Николай Васильевич Гоголь. 1829–1842. Очерк из истории русской повести и драмы
Шрифт:

Наша критика отнеслась невнимательно к событиям западной литературной жизни, говорит Гоголь, и не сумела даже оценить как следует наше русское национальное богатство. Она просмотрела, например, смерть Вальтера Скотта и не заметила, что в литературе всей Европы распространился беспокойный, волнующийся вкус. Она не заметила, как явились опрометчивые, бессвязные, младенческие творения, но часто восторженные, пламенные – следствие политических волнений той страны, где они рождались. Но если ей и простить эти недосмотры в области чужой жизни, то трудно извинить ее невнимание к русскому. А оценила ли она это русское? «Наши писатели, – говорил Гоголь, – отлились совершенно в особую форму, нежели писатели других земель, и, несмотря на общую черту нашей литературы – подражания опередившим нас европейцам, – они заключают в себе чисто русские элементы, и подражание наше носит совершенно своеобразный характер, представляет явление замечательное даже для европейской литературы. Где вы найдете похожего на нашего Державина? Это не Гораций, не Пиндар: у него своя самородная, дикая, сверкающая поэзия, текущая, колоссально разливаясь, как Россия. Что такое наш Жуковский? Это одно из замечательнейших явлений, поэт, явившийся оригинальным в переводах, возведший все сильные и малосильные оригиналы до себя, создавший новый, совершенно оригинальный род – быть оригинальным. Возьмите нашего Крылова: и в басне у него выразился чисто русский сгиб ума, новый юмор, незнакомый ни французам, ни немцам, ни англичанам, ни итальянцам. Так широко раскинут фундамент колоссального здания будущей русской литературы. Поняла ли все это наша критика?»

«Видите ли эти зарождающиеся атомы каких-то новых стихий? – спрашивает Гоголь. – Видите ли эту движущуюся, снующуюся кучу прозаических повестей и романов, еще бледных,

неопределенных, но уже сверкающих изредка искрами света, показывающими скорое зарождение чего-то оригинального: колоссальное, может быть, совершенно новое, неслыханное в Европе явление, предвещающее будущее законодательство России в литературном мире, что должно осуществиться непременно, потому что стихии слишком колоссальны, и рамы для картины сделались слишком огромны?» [107] .

107

Сочинения Н. В. Гоголя. 10-е изд. Т. VI, с. 346–347.

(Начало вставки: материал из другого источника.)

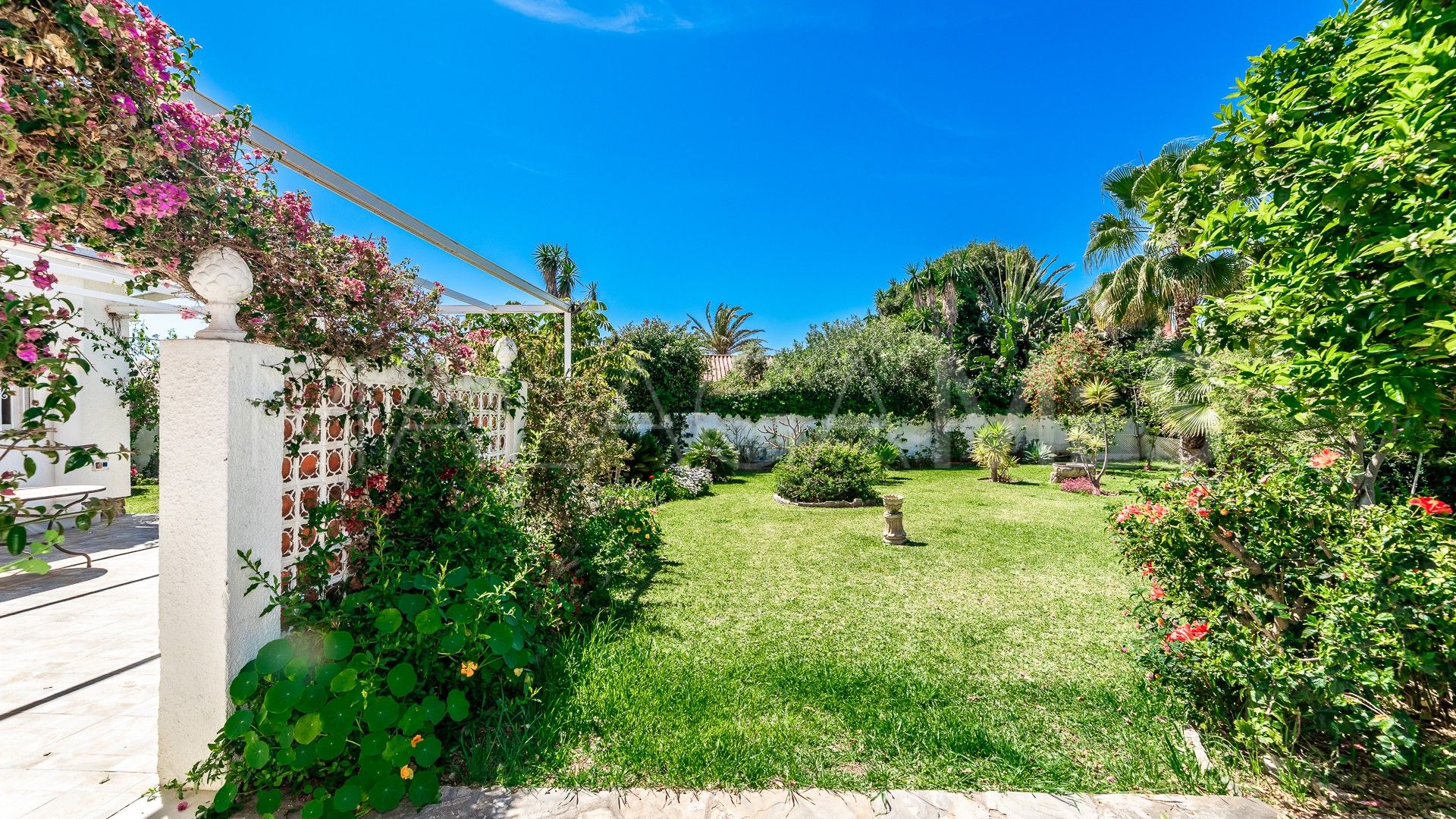 Villa for sale in El Rosario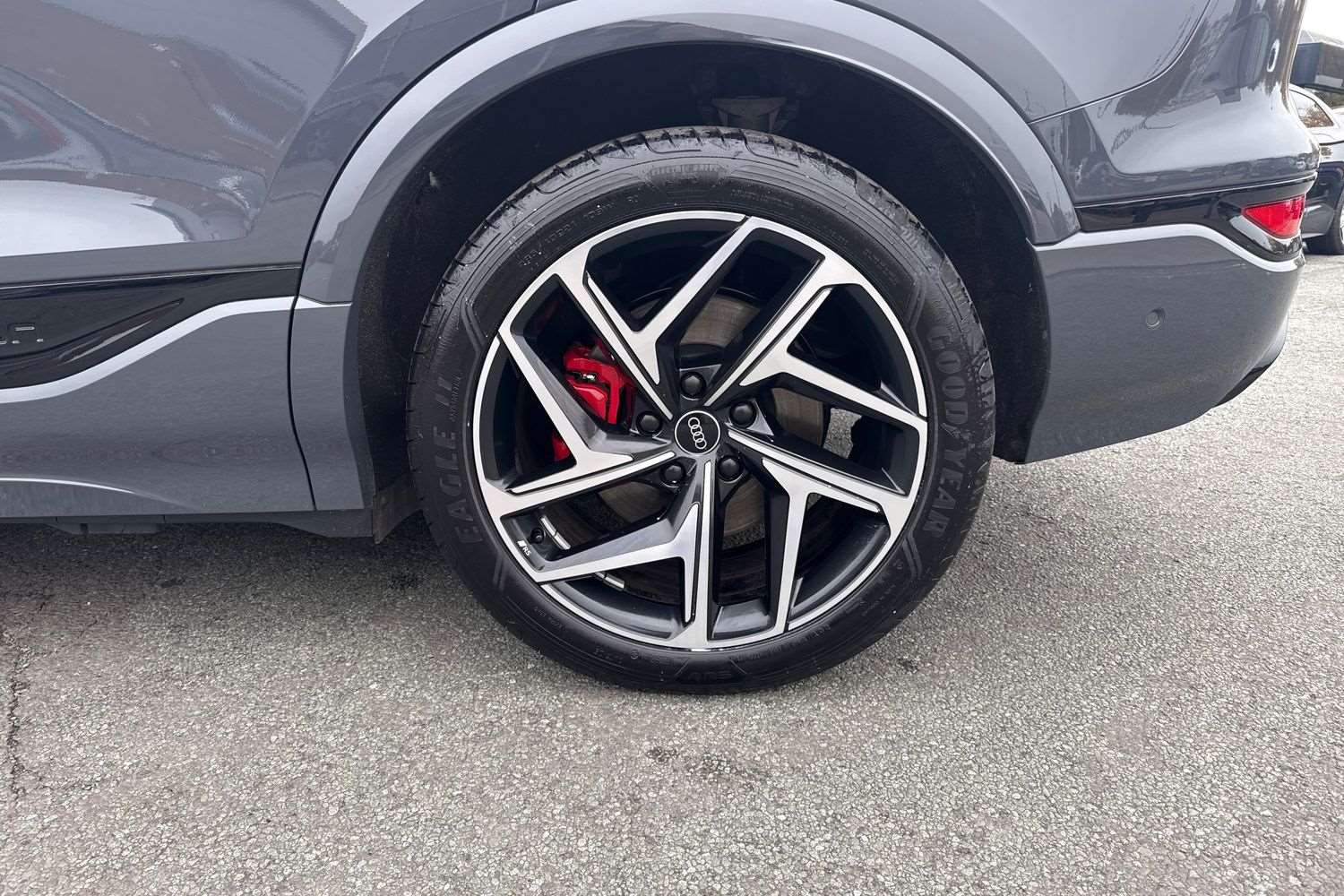 Used Audi Q6 e-tron 2024 for sale - 76411290: Photo 5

Неумеренный патриотизм, который сказывается в последних строках этой замечательной статьи, составлял всегда отличительную черту образа мыслей Гоголя; он может быть назван преждевременным для своей эпохи, но в нем, как мы можем теперь убедиться, крылось пророчество: наша литература действительно стала общемировым явлением. Оставляя, однако, в стороне надежды автора на будущее, мы должны признать, что в его статье высказана необычайно верная оценка настоящего – быть может, наиболее полная из всех нам известных… В самом деле, кто из тогдашних критиков оценил так верно «оригинальную» сущность нашей подражательной литературы, кто так широко понял «народность» в ее обнаружении в нашей словесности, кто, наконец, понимая все значение наших первоклассных писателей, сумел отдать должное работе сил второстепенных? Мы видели, как наша критика огульно осуждала подражание, как узко она понимала значение «народности», как несправедливо подчас и сурово относилась к Пушкину и Жуковскому и с каким пренебрежением обходила писателей менее даровитых. Все это показывает, что Гоголь обладал настоящим критическим чутьем и что Пушкин был прав, намечая его в критики своего журнала.

* * *

Все перечисленные нами статьи Гоголя по вопросам об искусстве в широком смысле этого слова и по вопросам литературным показывают, как много он в эти годы думал о том деле, которому начинал служить, и как трудно ему было придти к какому-нибудь ясному решению в вопросах, так повышавших лиризм его романтического сердца.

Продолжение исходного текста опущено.